What is being asked:
From the line that contains "Super Pump High Efficiency Pump, 1.1HP" to the end of the entries, copy each line exactly, though the pictures stay out.

Provided material:
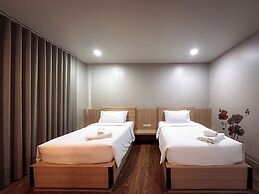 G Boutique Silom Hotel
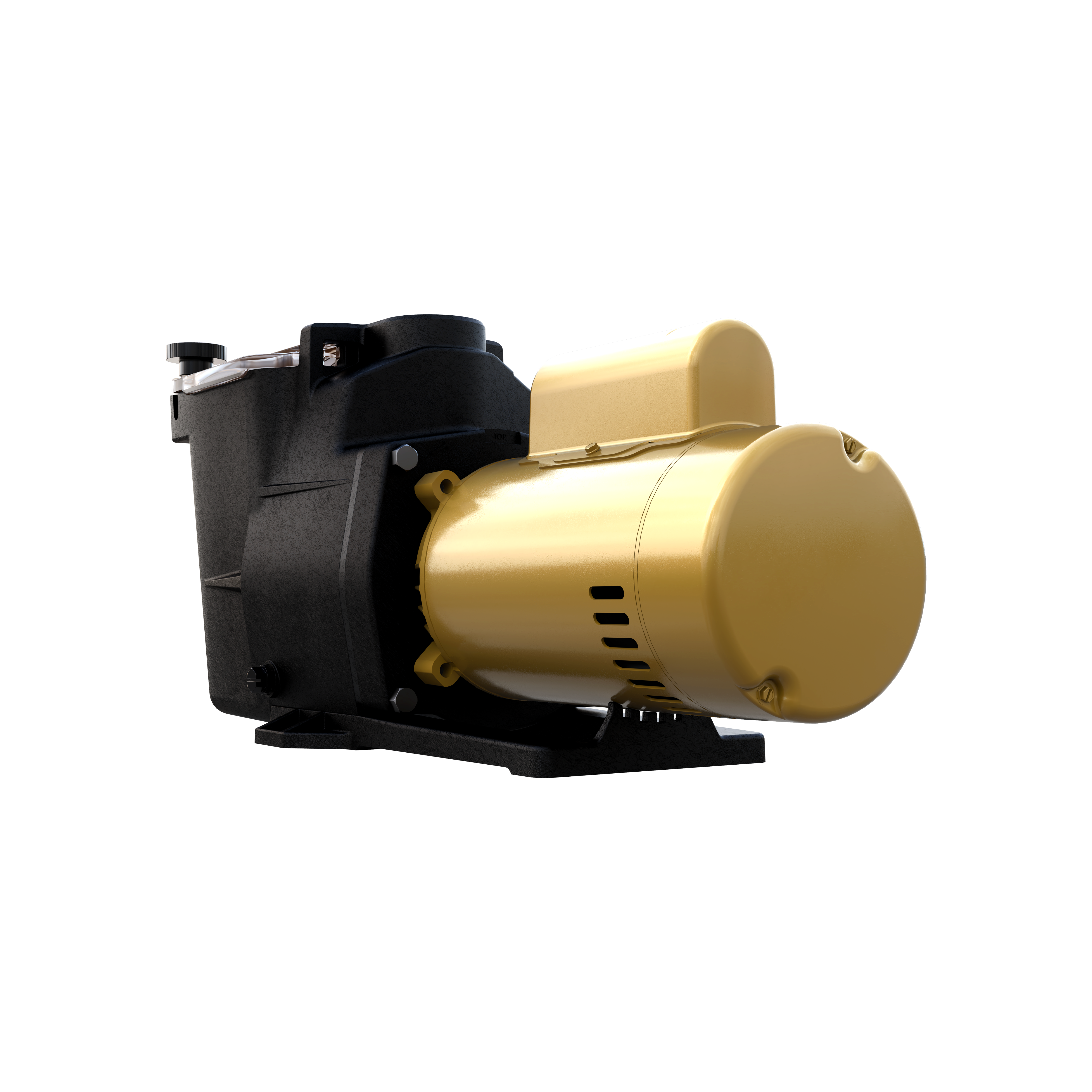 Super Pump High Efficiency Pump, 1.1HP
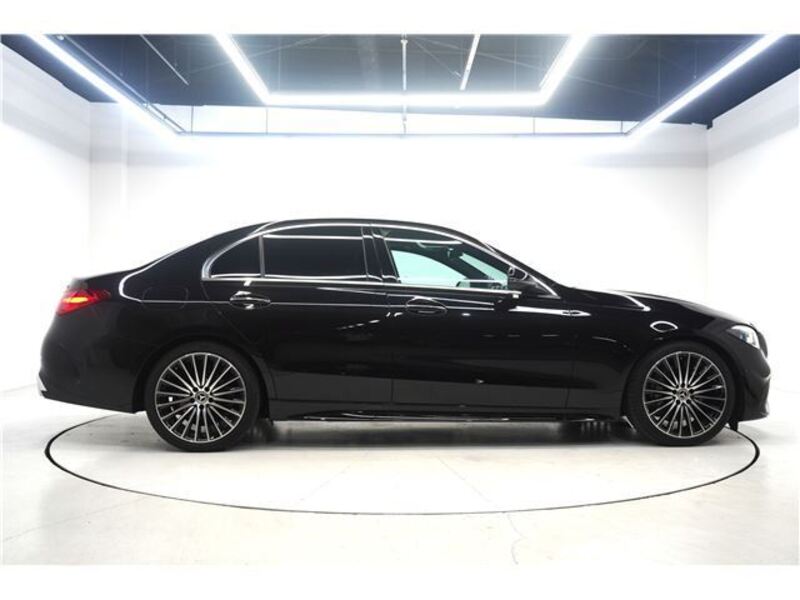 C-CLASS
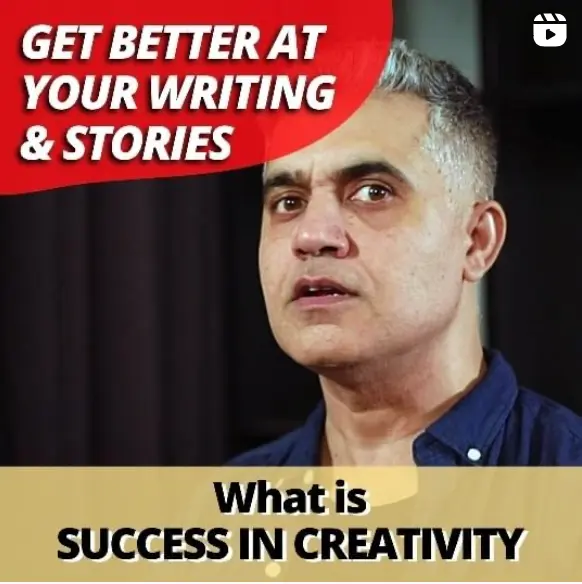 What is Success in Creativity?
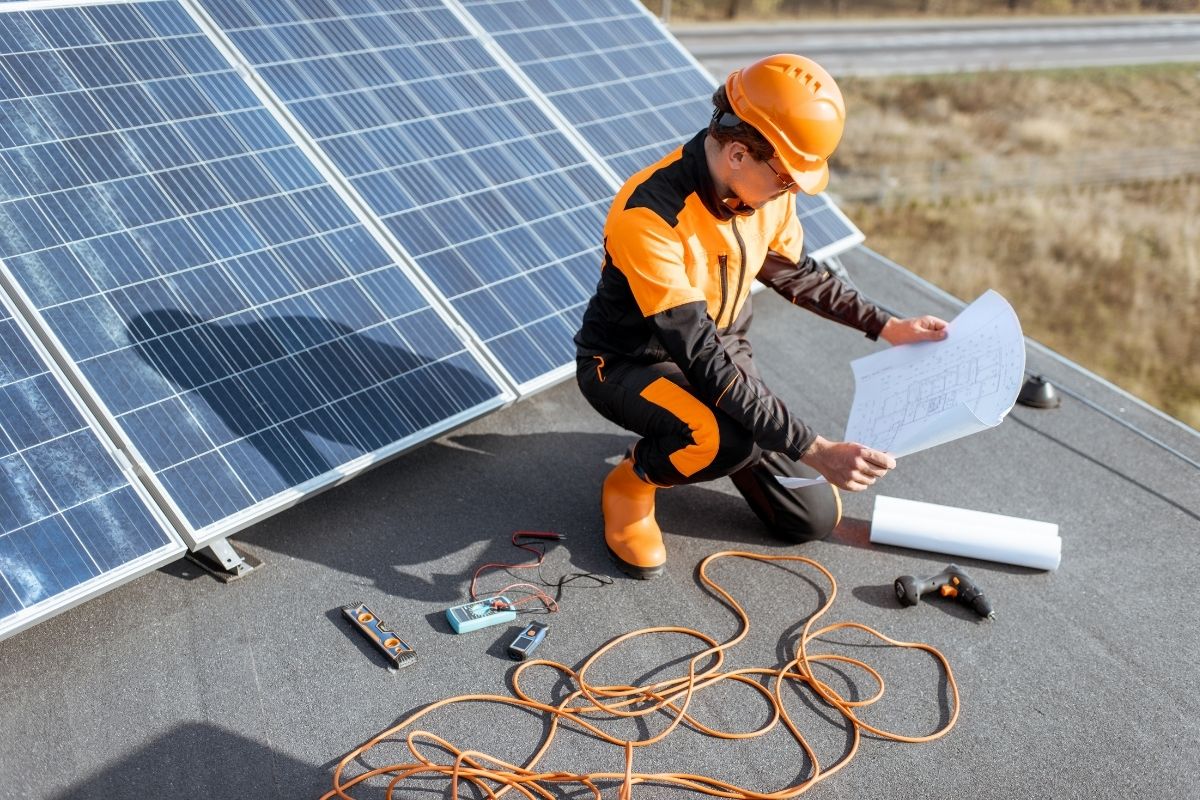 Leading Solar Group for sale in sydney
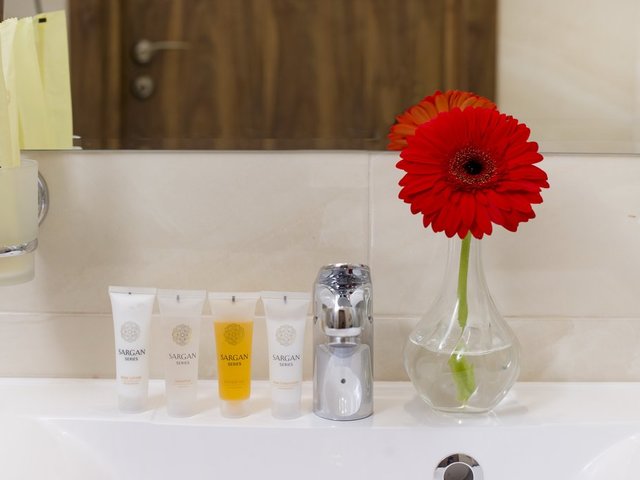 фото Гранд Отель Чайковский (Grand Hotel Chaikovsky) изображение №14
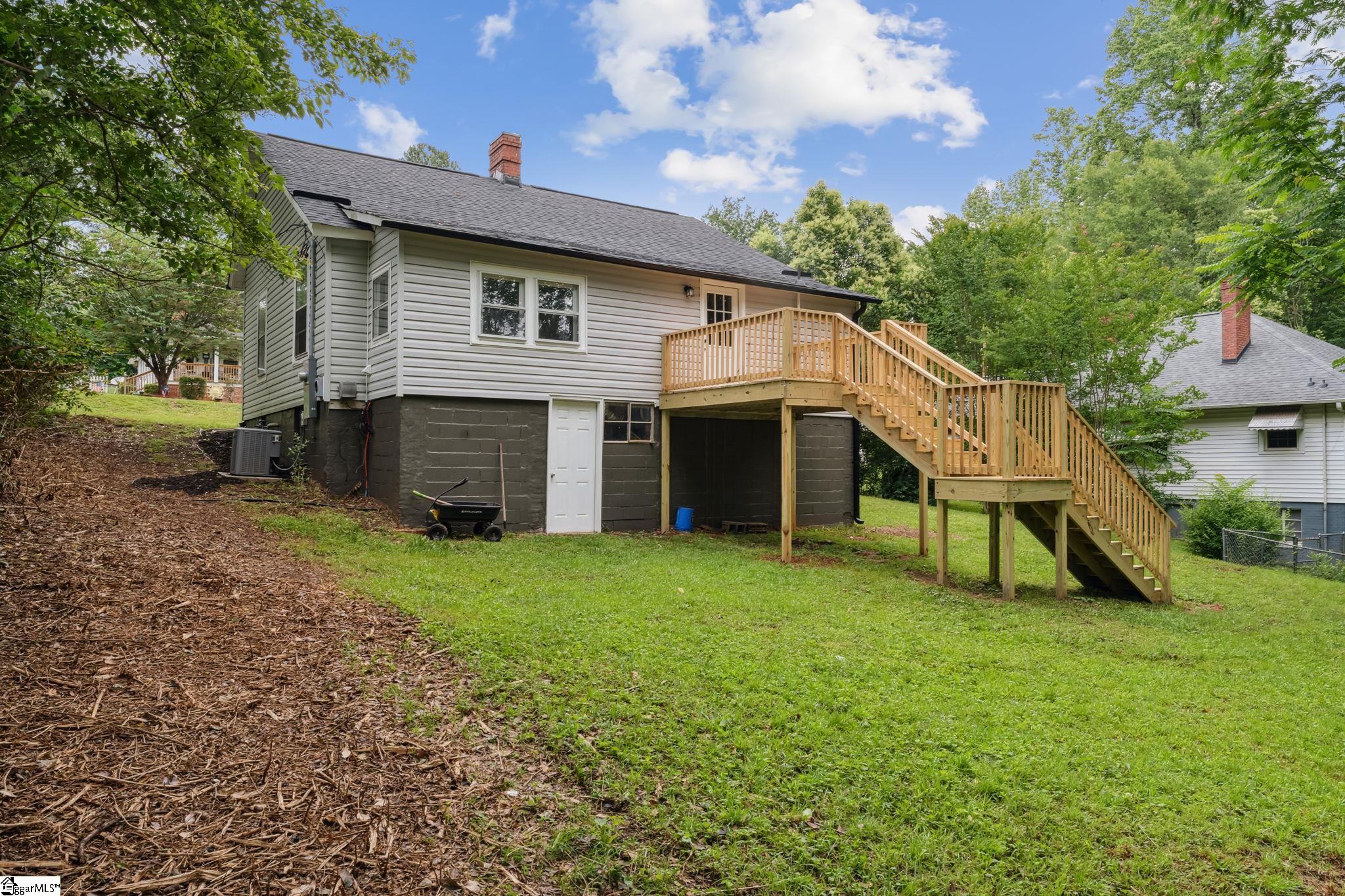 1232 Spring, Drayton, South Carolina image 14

Answer space:
 Super Pump High Efficiency Pump, 1.1HP
 C-CLASS
 What is Success in Creativity?
 Leading Solar Group for sale in sydney
 фото Гранд Отель Чайковский (Grand Hotel Chaikovsky) изображение №14
 1232 Spring, Drayton, South Carolina image 14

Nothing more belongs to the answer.